Burrow, of course, knows that gear well, having hit it plenty as a pro. The trick, for him, this week, was understanding it might take a minute to find it.

“The first half, I certainly had to knock some of that rust off and get comfortable in the pocket and get my feet calm and all that,” he says. “So, yeah, I was talking to myself in those moments. But the second half, I settled in.”

As a result, the entire Bengals team punched the gas, and outscored a Ravens team riding a five-game winning streak, 20–6, in the second half.

And just how is it possible that he’d pull this off coming back almost a month earlier than even the most optimistic estimates. Mostly, as he sees it, by taking the injury as it came, and not making it out to be more than it was.

“I work really hard to keep my body in shape and be strong enough to play this game,” he says. “So when it happens, you wanna take a look, and try to make wholesale changes. But there's just not any real changes to be made. I'm working really hard. I got the right people around me to do it. And every time it happens, you just feel sorry for yourself for a little bit, and then you get back to work, and I'm not sure what else there is to say about it. Obviously, it's been unfortunate, and a lot of things have happened, but, you know, it is what it is.”

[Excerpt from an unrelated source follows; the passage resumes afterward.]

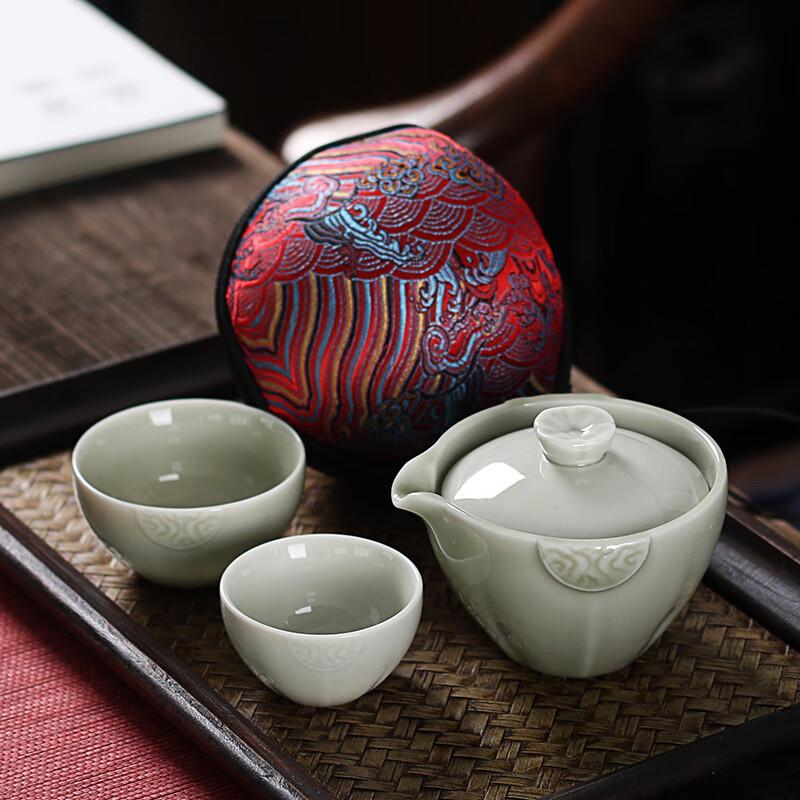 

Fangran Shadow Moon Travel Tea Set with Gaiwan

What it is, now, for the Bengals is a sliver of a scintilla of a chance.

They’ll likely have to win out. If they do, they’ll have dealt the Ravens a seventh loss, and will need Baltimore to lose another game on top of that. Then, they’ll need Pittsburgh to lose three of its final six games. That would generate a three-way tie, with the Bengals winning the tiebreaker—and the division.

But after last year, when the Bengals actually did win five straight to get to 9–8 and were eliminated on the final day of the season, and the beginning of this year, too, Burrow’s not going to get caught in the math. He’s just going to take advantage of what’s in front of him.

“Let's just go and try to win the next one and then go from there,” he said. “And we'll do that every week and see where we're at at the end.”

Fair to say, just getting to be a part of that after all he’s been through, is something that Burrow’s going to appreciate. And also fair to say it’s cool for the rest of us to get to see where he takes that.